▶ **EXERCISE DETAILS**: Repeat the following data exactly, omitting pictures.
[MATERIAL FOR THIS TASK]
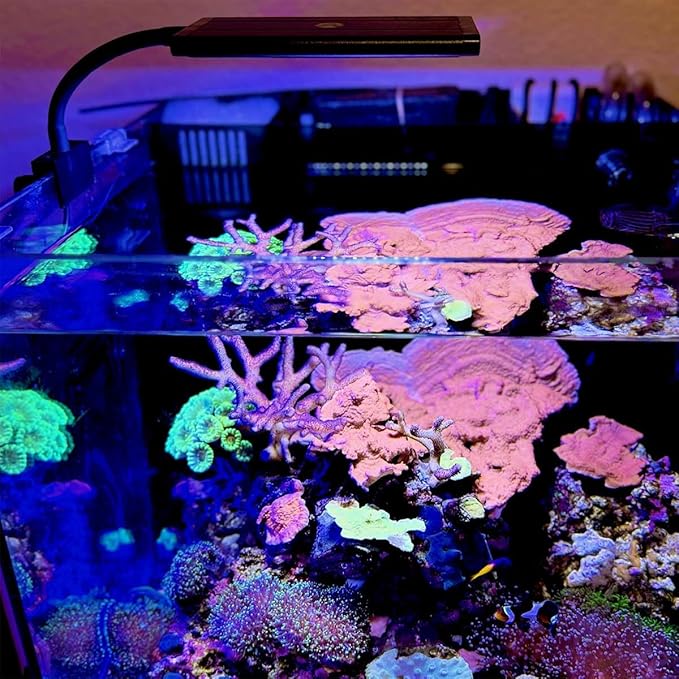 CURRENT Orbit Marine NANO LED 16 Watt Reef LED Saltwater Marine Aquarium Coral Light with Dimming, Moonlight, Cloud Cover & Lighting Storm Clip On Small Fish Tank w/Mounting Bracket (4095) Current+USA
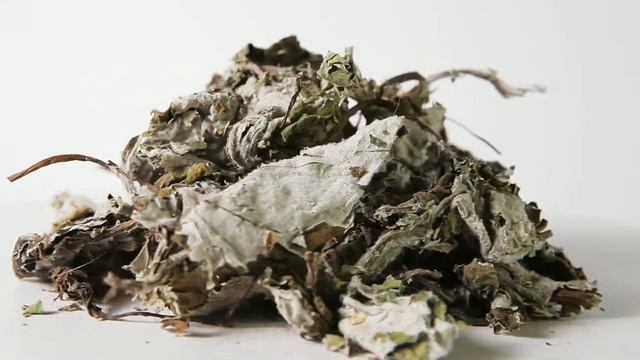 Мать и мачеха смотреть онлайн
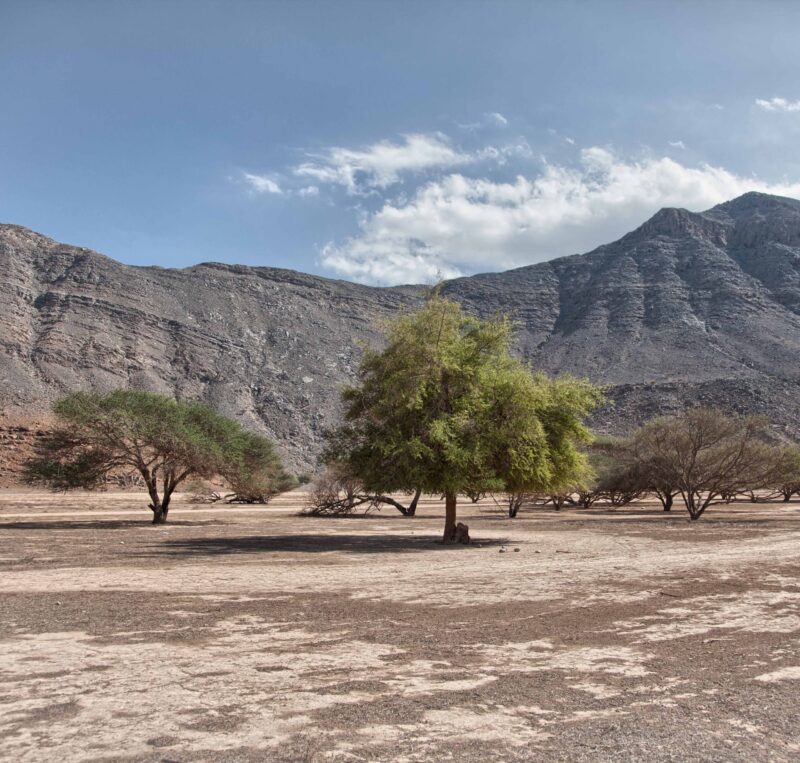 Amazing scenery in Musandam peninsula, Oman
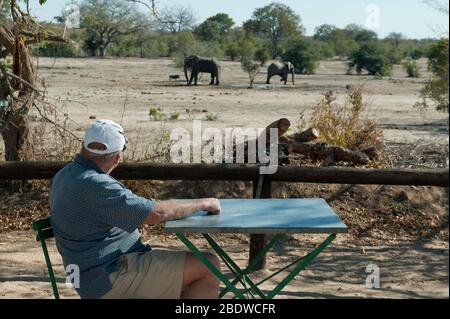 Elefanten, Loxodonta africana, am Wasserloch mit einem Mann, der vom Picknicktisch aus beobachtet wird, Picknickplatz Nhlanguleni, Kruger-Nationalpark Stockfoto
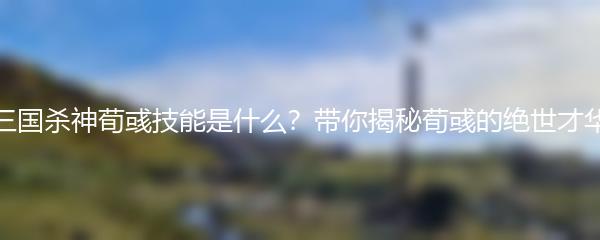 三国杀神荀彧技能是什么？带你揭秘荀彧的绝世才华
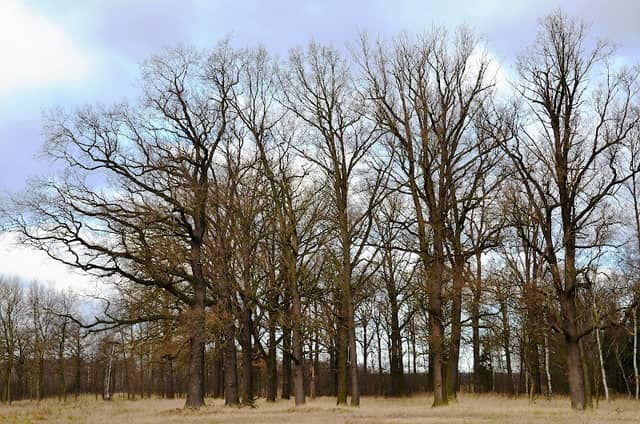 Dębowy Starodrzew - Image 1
[/MATERIAL FOR THIS TASK]
▶ **RESPONSE AREA**:
 CURRENT Orbit Marine NANO LED 16 Watt Reef LED Saltwater Marine Aquarium Coral Light with Dimming, Moonlight, Cloud Cover & Lighting Storm Clip On Small Fish Tank w/Mounting Bracket (4095) Current+USA
 Мать и мачеха смотреть онлайн
 Amazing scenery in Musandam peninsula, Oman
 Elefanten, Loxodonta africana, am Wasserloch mit einem Mann, der vom Picknicktisch aus beobachtet wird, Picknickplatz Nhlanguleni, Kruger-Nationalpark Stockfoto
 三国杀神荀彧技能是什么？带你揭秘荀彧的绝世才华
 Dębowy Starodrzew - Image 1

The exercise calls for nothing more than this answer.